* _Material shown_
########

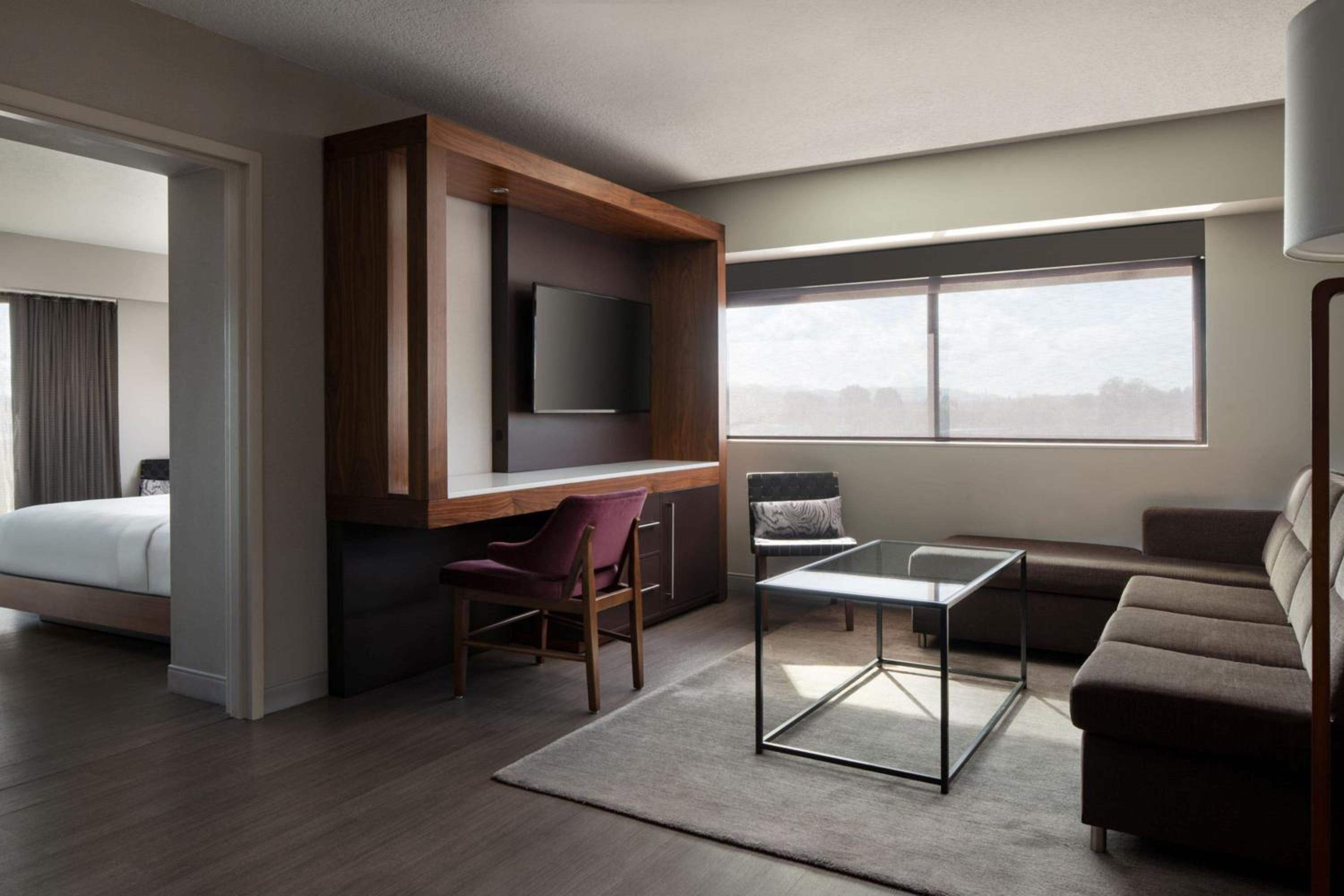 One-Bedroom King Suite - Photo 1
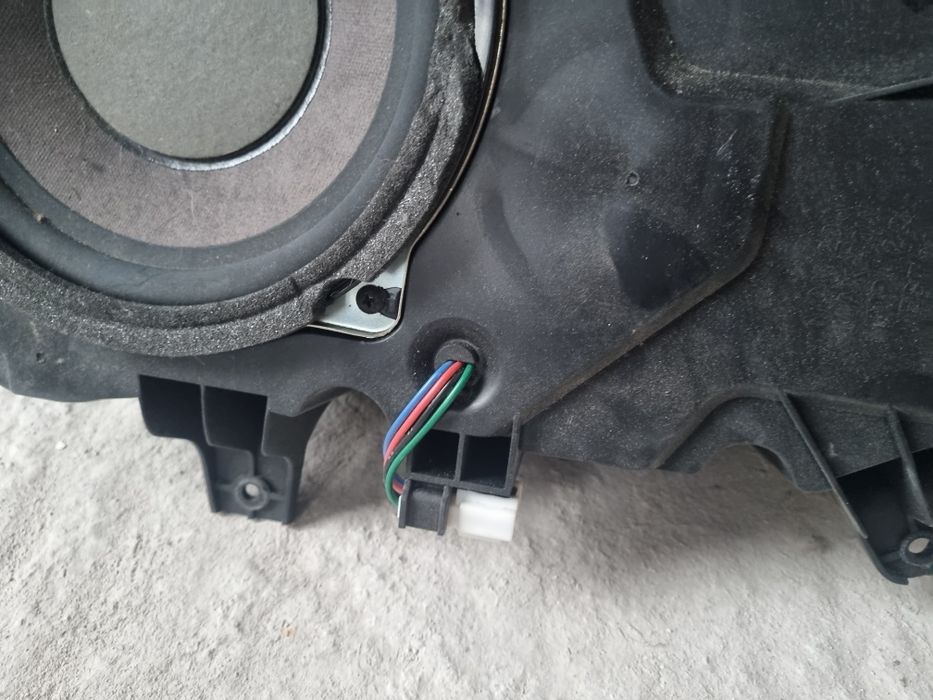 Ix35 - субуфер и кора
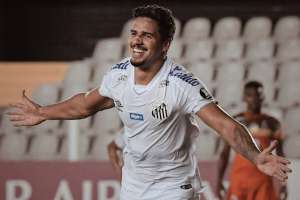 Presidente do Benfica vem ao Brasil para tentar compra de jogador do Santos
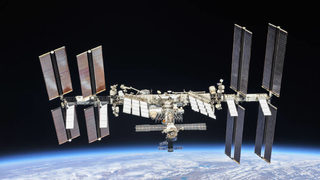Русия потвърди, че е взривила спътник, и САЩ изпитвали оръжия в космоса (обновена)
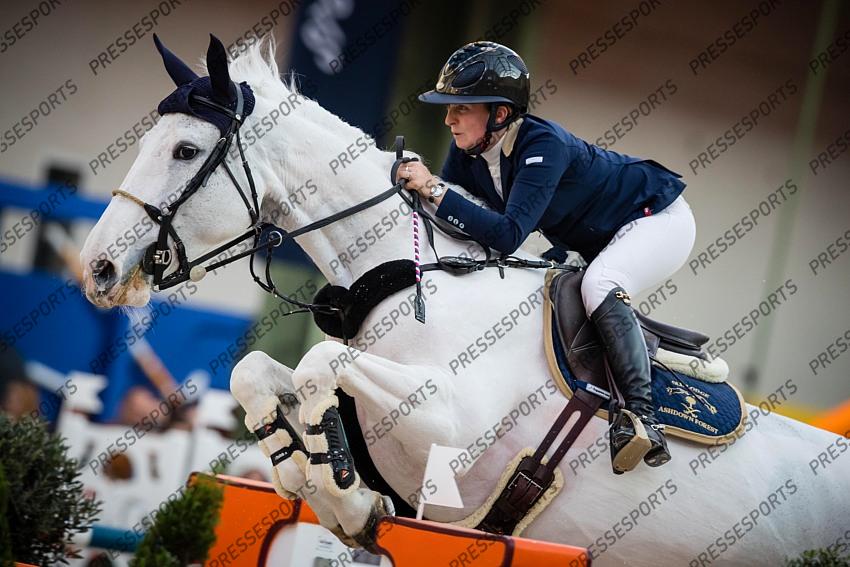 Photographie Eric KNOLL. Saut Hermes 2019. Jumping CSI 5. Louise SAYWELL (GBR). GOLDEN WAVE OL 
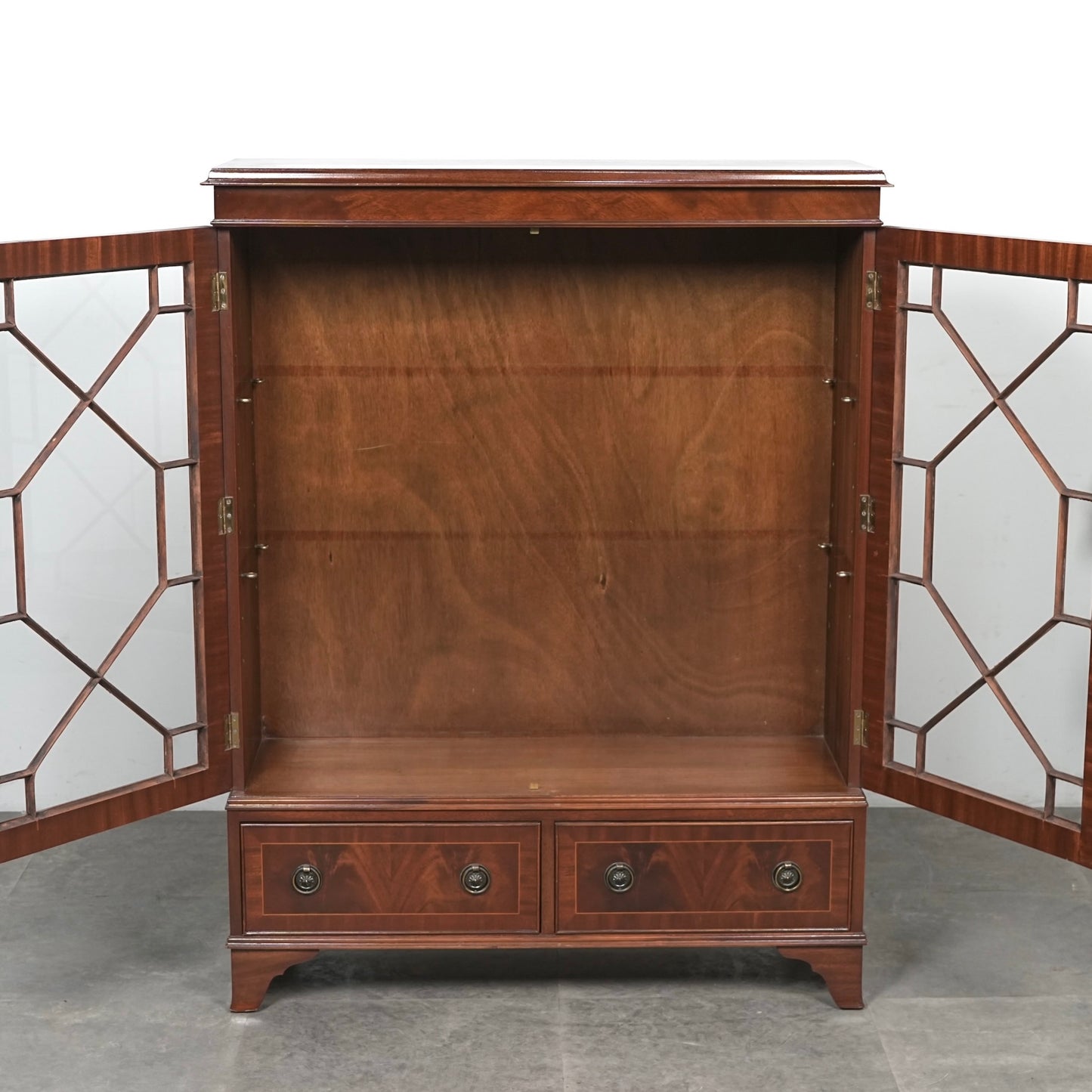 【JAYCEE FURNITURE】ヴィンテージ ガラスキャビネット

########

* _Problem to work on_
Please retype the lines from the one that contains "Русия потвърди, че" to the final line of the records, both included, exactly as written and without any pictures.

* _Task result_
Русия потвърди, че е взривила спътник, и САЩ изпитвали оръжия в космоса (обновена)
 Photographie Eric KNOLL. Saut Hermes 2019. Jumping CSI 5. Louise SAYWELL (GBR). GOLDEN WAVE OL 
 【JAYCEE FURNITURE】ヴィンテージ ガラスキャビネット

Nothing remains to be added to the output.